- How to complete this task:
Beginning with the line below that contains "USB C HUB ar" and ending with the line that contains "Hornady 80801 American", copy every line exactly. Copy nothing else.

- Data provided:
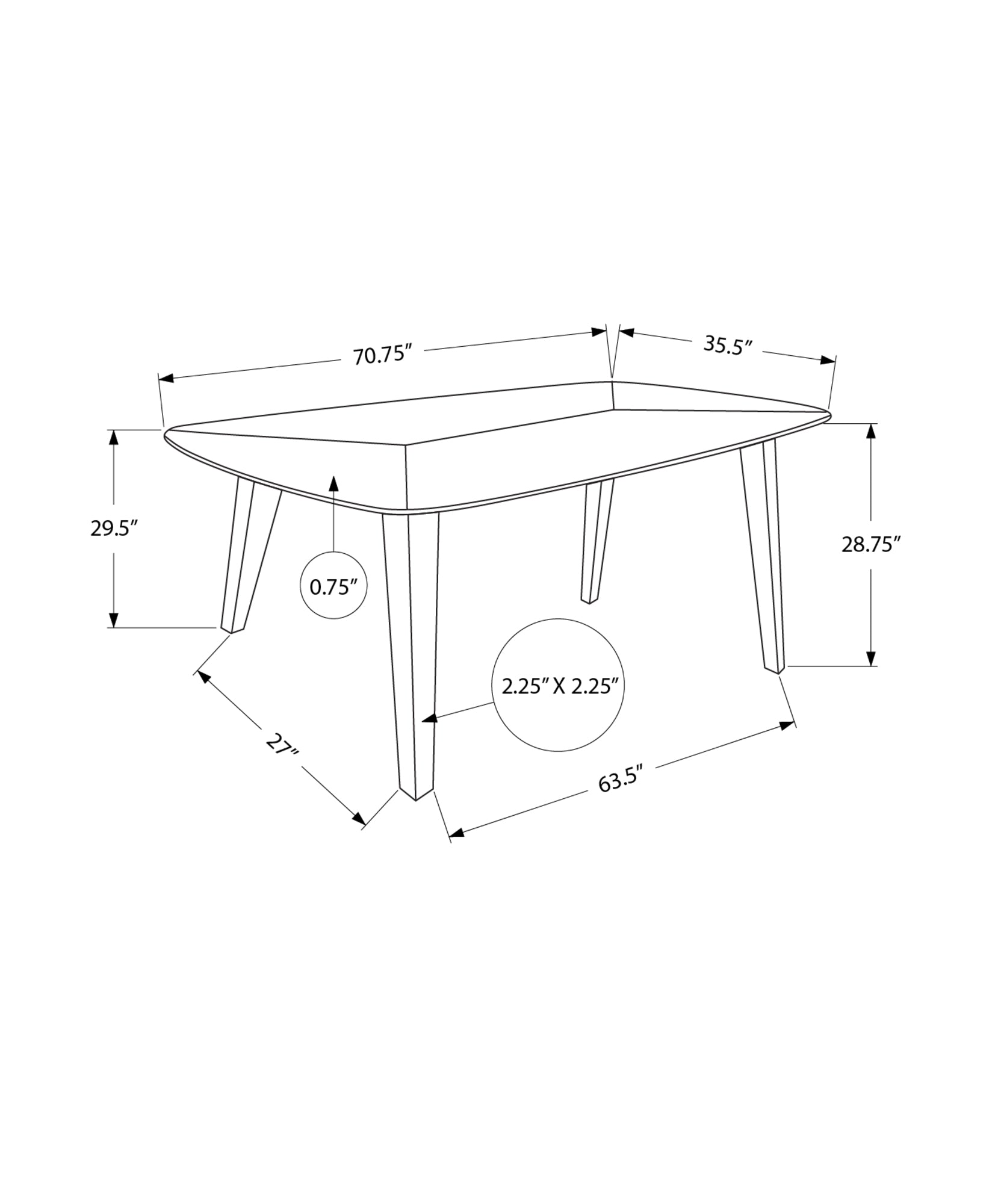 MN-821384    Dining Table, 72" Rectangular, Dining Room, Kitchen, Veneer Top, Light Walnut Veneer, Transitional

==

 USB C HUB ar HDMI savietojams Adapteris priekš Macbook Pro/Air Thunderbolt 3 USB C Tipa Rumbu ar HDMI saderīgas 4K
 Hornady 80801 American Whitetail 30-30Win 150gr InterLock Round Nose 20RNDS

- Solution to the problem:
 USB C HUB ar HDMI savietojams Adapteris priekš Macbook Pro/Air Thunderbolt 3 USB C Tipa Rumbu ar HDMI saderīgas 4K
 Hornady 80801 American Whitetail 30-30Win 150gr InterLock Round Nose 20RNDS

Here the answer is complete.